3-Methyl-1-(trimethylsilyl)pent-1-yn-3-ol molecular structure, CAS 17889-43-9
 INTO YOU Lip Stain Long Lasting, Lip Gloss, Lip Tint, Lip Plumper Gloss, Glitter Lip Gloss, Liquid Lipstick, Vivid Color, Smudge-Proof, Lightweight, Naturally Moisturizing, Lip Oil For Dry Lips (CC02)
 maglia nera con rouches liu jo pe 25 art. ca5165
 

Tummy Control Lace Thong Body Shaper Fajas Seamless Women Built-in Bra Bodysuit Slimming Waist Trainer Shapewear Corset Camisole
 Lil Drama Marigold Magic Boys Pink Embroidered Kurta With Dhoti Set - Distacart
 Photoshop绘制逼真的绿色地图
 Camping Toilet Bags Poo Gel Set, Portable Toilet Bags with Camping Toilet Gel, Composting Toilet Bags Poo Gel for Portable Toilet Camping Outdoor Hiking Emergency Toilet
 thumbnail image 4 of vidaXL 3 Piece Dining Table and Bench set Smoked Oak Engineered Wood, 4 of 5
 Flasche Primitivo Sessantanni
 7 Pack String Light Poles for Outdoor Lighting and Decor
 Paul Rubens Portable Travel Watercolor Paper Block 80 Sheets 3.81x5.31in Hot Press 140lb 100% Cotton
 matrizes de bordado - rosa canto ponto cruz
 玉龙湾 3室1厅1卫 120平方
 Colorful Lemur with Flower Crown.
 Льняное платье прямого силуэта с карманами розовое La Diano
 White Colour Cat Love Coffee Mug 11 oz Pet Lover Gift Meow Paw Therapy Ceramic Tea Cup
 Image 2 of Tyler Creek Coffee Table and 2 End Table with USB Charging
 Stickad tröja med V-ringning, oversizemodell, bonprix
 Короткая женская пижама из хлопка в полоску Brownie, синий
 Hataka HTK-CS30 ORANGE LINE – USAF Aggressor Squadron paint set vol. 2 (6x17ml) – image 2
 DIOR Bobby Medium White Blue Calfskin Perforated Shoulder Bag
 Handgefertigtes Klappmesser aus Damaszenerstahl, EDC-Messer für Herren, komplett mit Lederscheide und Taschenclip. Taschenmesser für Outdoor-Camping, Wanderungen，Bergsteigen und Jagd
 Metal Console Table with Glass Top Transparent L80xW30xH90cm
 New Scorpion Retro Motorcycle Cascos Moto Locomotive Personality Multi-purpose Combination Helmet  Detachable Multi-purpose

════════════════════

= Goal of the exercise =
Would you please repeat the entire listing, line for line?

= Output for this exercise =
3-Methyl-1-(trimethylsilyl)pent-1-yn-3-ol molecular structure, CAS 17889-43-9
 INTO YOU Lip Stain Long Lasting, Lip Gloss, Lip Tint, Lip Plumper Gloss, Glitter Lip Gloss, Liquid Lipstick, Vivid Color, Smudge-Proof, Lightweight, Naturally Moisturizing, Lip Oil For Dry Lips (CC02)
 maglia nera con rouches liu jo pe 25 art. ca5165
 

Tummy Control Lace Thong Body Shaper Fajas Seamless Women Built-in Bra Bodysuit Slimming Waist Trainer Shapewear Corset Camisole
 Lil Drama Marigold Magic Boys Pink Embroidered Kurta With Dhoti Set - Distacart
 Photoshop绘制逼真的绿色地图
 Camping Toilet Bags Poo Gel Set, Portable Toilet Bags with Camping Toilet Gel, Composting Toilet Bags Poo Gel for Portable Toilet Camping Outdoor Hiking Emergency Toilet
 thumbnail image 4 of vidaXL 3 Piece Dining Table and Bench set Smoked Oak Engineered Wood, 4 of 5
 Flasche Primitivo Sessantanni
 7 Pack String Light Poles for Outdoor Lighting and Decor
 Paul Rubens Portable Travel Watercolor Paper Block 80 Sheets 3.81x5.31in Hot Press 140lb 100% Cotton
 matrizes de bordado - rosa canto ponto cruz
 玉龙湾 3室1厅1卫 120平方
 Colorful Lemur with Flower Crown.
 Льняное платье прямого силуэта с карманами розовое La Diano
 White Colour Cat Love Coffee Mug 11 oz Pet Lover Gift Meow Paw Therapy Ceramic Tea Cup
 Image 2 of Tyler Creek Coffee Table and 2 End Table with USB Charging
 Stickad tröja med V-ringning, oversizemodell, bonprix
 Короткая женская пижама из хлопка в полоску Brownie, синий
 Hataka HTK-CS30 ORANGE LINE – USAF Aggressor Squadron paint set vol. 2 (6x17ml) – image 2
 DIOR Bobby Medium White Blue Calfskin Perforated Shoulder Bag
 Handgefertigtes Klappmesser aus Damaszenerstahl, EDC-Messer für Herren, komplett mit Lederscheide und Taschenclip. Taschenmesser für Outdoor-Camping, Wanderungen，Bergsteigen und Jagd
 Metal Console Table with Glass Top Transparent L80xW30xH90cm
 New Scorpion Retro Motorcycle Cascos Moto Locomotive Personality Multi-purpose Combination Helmet  Detachable Multi-purpose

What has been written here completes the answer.